The Pope, the church and a fa'afafine's place in the sacred

By Angie Enoka 26 April 2025, 5:40PM

As dusk gathers gently over the Vatican and the bells toll softer with each passing hour, the world turns its gaze to Rome not out of duty or spectacle but out of reverence. His Holiness Pope Francis, the 266th Bishop of Rome, walks slowly now towards eternity, his final days on this earth wrapped in the prayers of millions.

For the global Church, this marks the end of an era—an era not shaped by grandeur but by humility. For those of us who have lived in the quiet corners of Catholicism, whose identities have not always sat easily in pews or pulpits, this is the closing of something miraculous.

I write this tribute as a fa’afafine born of the islands and the Church, raised in the paradox of reverence and rejection. There were years I wondered if God had made space for someone like me, someone who danced between gender, whose truth defied neat categorisation within Church teachings. But I stayed in the stillness of prayer, in the flicker of candlelight and the hush of confessionals. My spirit stayed.

I’ve never met Pope Francis. We never shared words or crossed paths in the flesh. But through prayer, we’ve known each other. In moments of deep spiritual conflict when the world’s gaze made me feel like a question mark in the margins of my own faith, his voice reached me with radical love. He made room. Not by rewriting doctrine but by expanding the walls of mercy.

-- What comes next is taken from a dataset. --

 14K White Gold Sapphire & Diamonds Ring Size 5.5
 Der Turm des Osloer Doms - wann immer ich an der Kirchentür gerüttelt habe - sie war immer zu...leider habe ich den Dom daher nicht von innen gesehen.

There is a profound ache in being born into a world that does not always recognise the full breadth of your spirit. As a fa’afafine, I’ve known the grace of duality of walking in both femininity and masculinity, not as opposites but as sacred coexistence. The Church in its older and often rigid forms once left little space for someone like me.

And then Pope Francis came.

He didn’t dismantle every rule. He didn’t dissolve every tension. But he did something holier. He cracked open the door and let the wind of the Spirit blow through. With his now-iconic words, “Who am I to judge?” he handed the marginalised a key to the front door of the Church. He allowed those of us who had been treated as footnotes to be read aloud as part of the sacred story.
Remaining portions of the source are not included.